Obwohl bis zur Abstimmung über ein neues Parlament noch bis zum April 2022 Zeit ist, hat der Wahlkampf längst begonnen. Auf riesigen Plakaten wendet sich die Regierung in Budapest mit Suggestivfragen an die Bürger. Etwa: „Haben Sie Angst um Ihre Kinder wegen Sexualpropaganda?“
Heftige Prostete gegen LGBT-Gesetz
Schon am Tag vor der Verabschiedung des umstrittenen LGBT-Gesetzes durch das ungarische Parlament am 15. Juni kam es in Budapest zu heftigen Protesten. Tausende gingen auf die Straße und schwenkten Regenbogenfahnen. Seitdem sieht sich die Regierung massiver Kritik auch in der EU ausgesetzt. Während Orban das Ganze als Kinderschutzgesetz darstellt, sehen Kritiker darin einen massiven Angriff auf die Rechte von Schwulen, Lesben, Bisexuellen und Transgendermenschen (LGBT).

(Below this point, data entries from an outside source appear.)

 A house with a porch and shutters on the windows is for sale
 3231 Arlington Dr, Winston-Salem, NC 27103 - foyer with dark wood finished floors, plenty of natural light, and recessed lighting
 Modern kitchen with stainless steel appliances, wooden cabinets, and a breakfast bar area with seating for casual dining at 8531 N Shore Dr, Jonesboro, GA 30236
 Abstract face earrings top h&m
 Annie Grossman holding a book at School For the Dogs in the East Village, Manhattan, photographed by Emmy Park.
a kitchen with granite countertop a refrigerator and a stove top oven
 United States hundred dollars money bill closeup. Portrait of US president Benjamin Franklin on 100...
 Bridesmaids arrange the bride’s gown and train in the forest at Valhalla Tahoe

Ursprünglich als Gesetz gegen Pädophilie gedacht, wurde es immer mehr erweitert, bis am Ende das Verbot stand, Minderjährigen Informationen über Homosexualität und Geschlechtsumwandlungen zugänglich zu machen. So sind in Lehrplänen und Filmen und Büchern, die für Jugendliche unter 18 zugänglich sind, nur noch Darstellungen des klassischen Familienmodells „Mann, Frau, Kind“ gestattet.

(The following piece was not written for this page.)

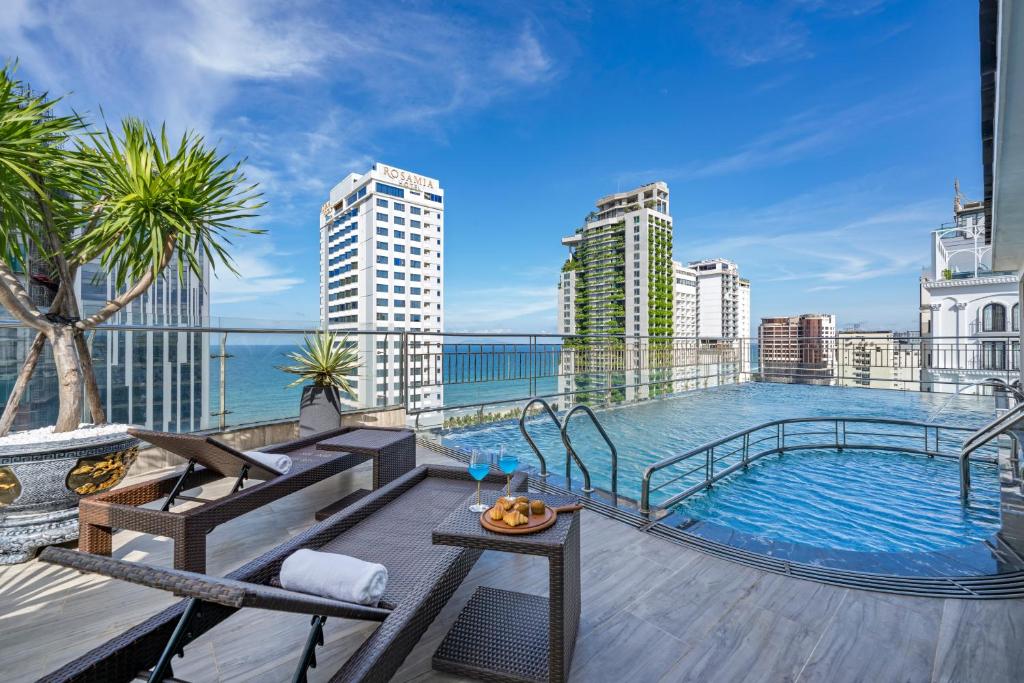 a balcony with a swimming pool on top of a building at Monalisa Luxury Hotel in Da Nang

Am Samstag nun brachte die LGBT-Community in Budapest zu einer Pride-Parade erneut Tausende gegen das Gesetz auf die Beine. Hinter dem farbenfrohen Protestmarsch trat allerdings in den Hintergrund, dass laut Umfragen rund 60 Prozent der Ungarn für das Gesetz sind. Und unter den Befürwortern sind wiederum 40 Prozent Anhänger der Opposition.

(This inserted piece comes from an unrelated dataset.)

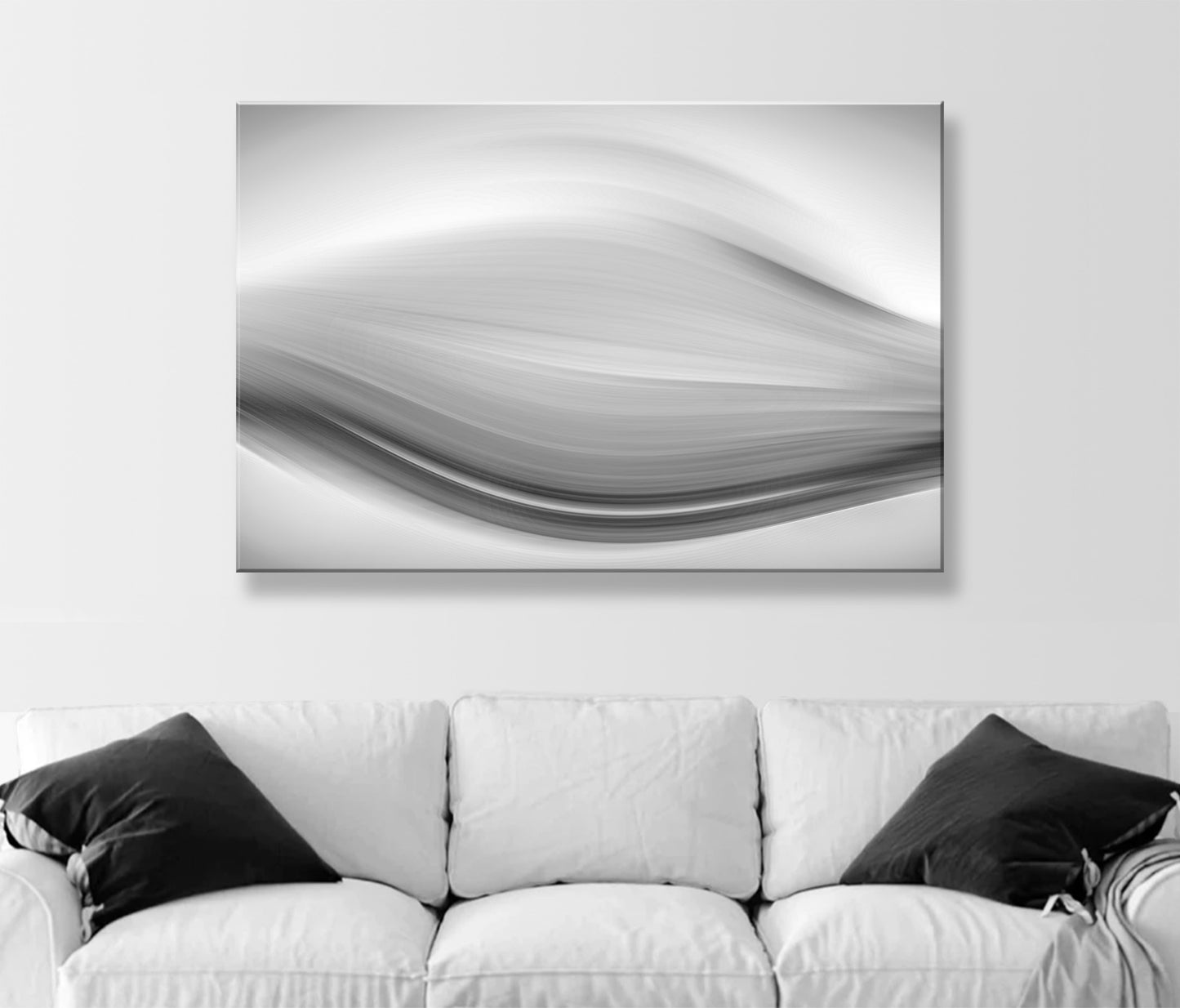 Abstract black and white painting on a wall above a white sofa with black pillows. Black and White Modern Art Print on Framed Canvas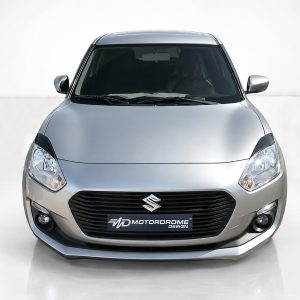 FR000155_2jpg - OPSHOLDERS Front view of a silver Suzuki car, showing grille, headlights, and emblem in a neutral studio setting.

Orban will Referendum abhalten
Dennoch sieht sich Orban so weit unter Druck, dass er nun ein Referendum über das Gesetz abhalten will. Allerdings soll es dabei nicht einfach um „dafür“ oder „dagegen“ gehen, sondern auch hier arbeitet die Regierung wieder mit Suggestivfragen, etwa, ob bei Kindern für eine Geschlechtsumwandlung geworben werden dürfe.
Mit diesem Referendum wird Orban die Kuh weder im Land selbst noch bei der EU vom Eis holen. Am einfachsten wäre es, das Gesetz einfach zurückzuziehen, denn es bleibt die Frage, warum es überhaupt nötig war.
Wer Ungarn besucht, hat nicht den Eindruck, dort in einer „frühsexualisierten“ Gesellschaft unterwegs zu sein, wie sie die Regierung angeblich verhindern will. Orban spricht mit dieser Politik vor allem Ältere und Wähler auf dem Land an. Bei Ungarns Jugend und in der Europäischen Union ist er damit komplett auf dem Holzweg.